Supplied entries ▸
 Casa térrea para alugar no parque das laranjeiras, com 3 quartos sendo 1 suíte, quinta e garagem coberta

---

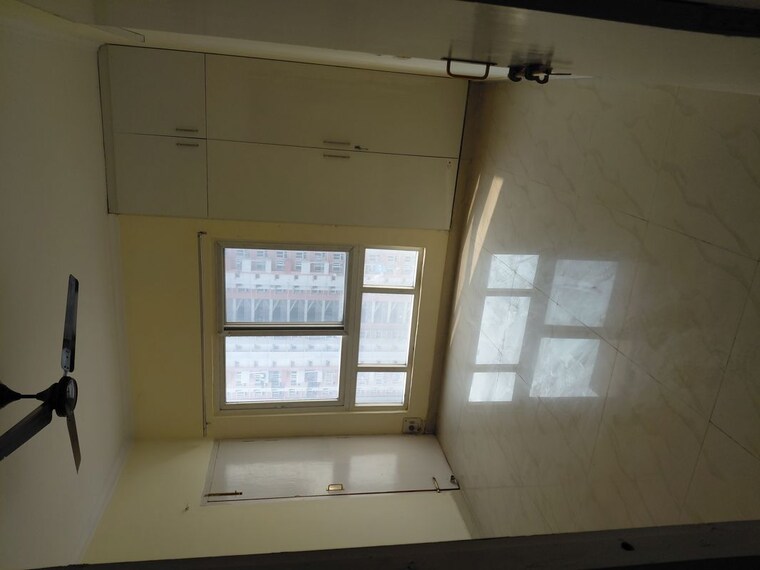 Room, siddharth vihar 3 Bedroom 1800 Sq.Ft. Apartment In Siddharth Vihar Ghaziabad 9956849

---

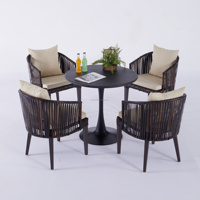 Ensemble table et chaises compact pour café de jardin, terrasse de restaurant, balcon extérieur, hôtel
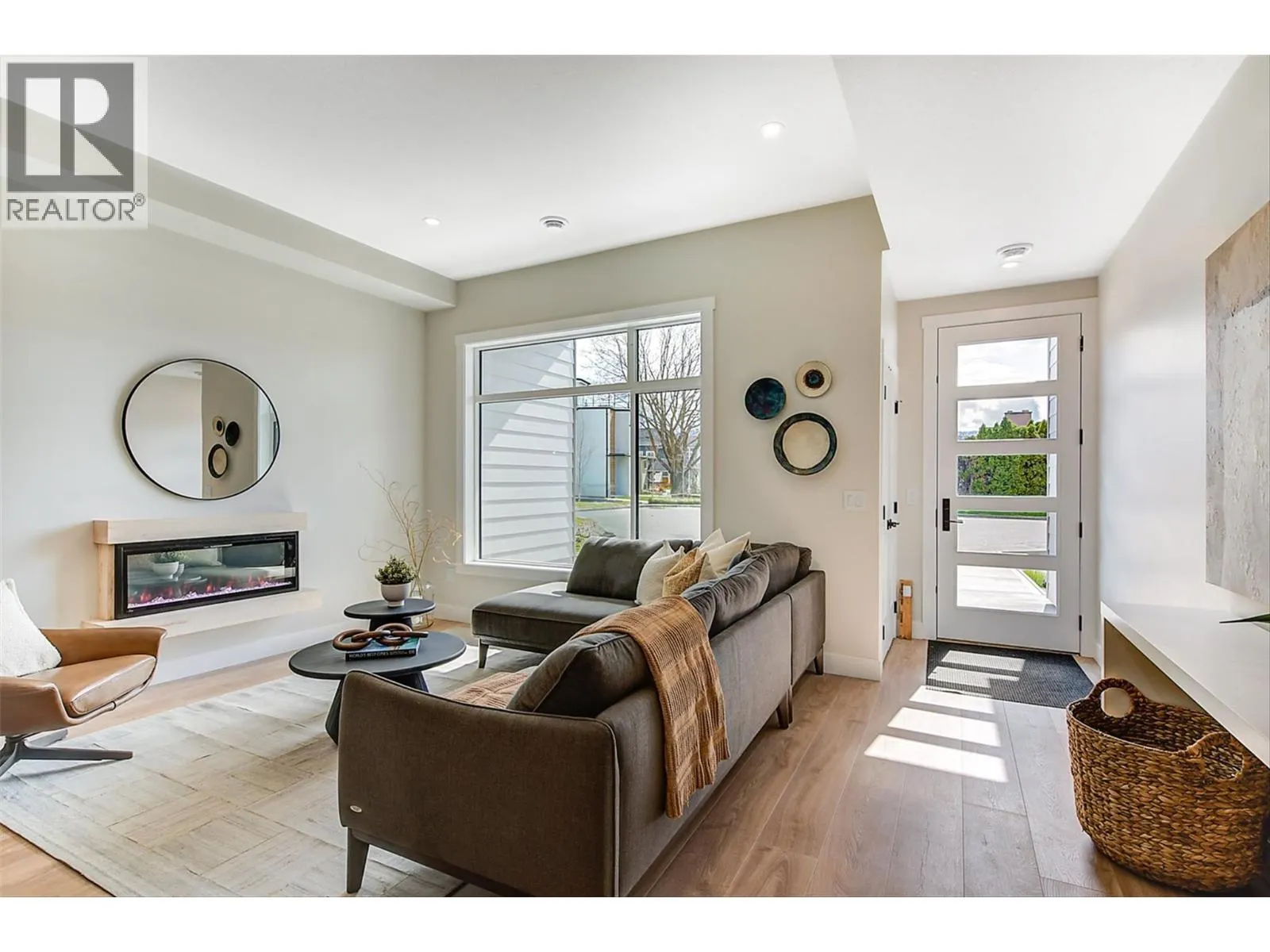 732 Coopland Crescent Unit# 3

To do ▸
What you return from the records above should be exactly everything from the line with "Ensemble table et" down to the line with "732 Coopland Crescent Unit# 3", both kept, and no pictures.

Answer for this exercise ▸
 Ensemble table et chaises compact pour café de jardin, terrasse de restaurant, balcon extérieur, hôtel
 732 Coopland Crescent Unit# 3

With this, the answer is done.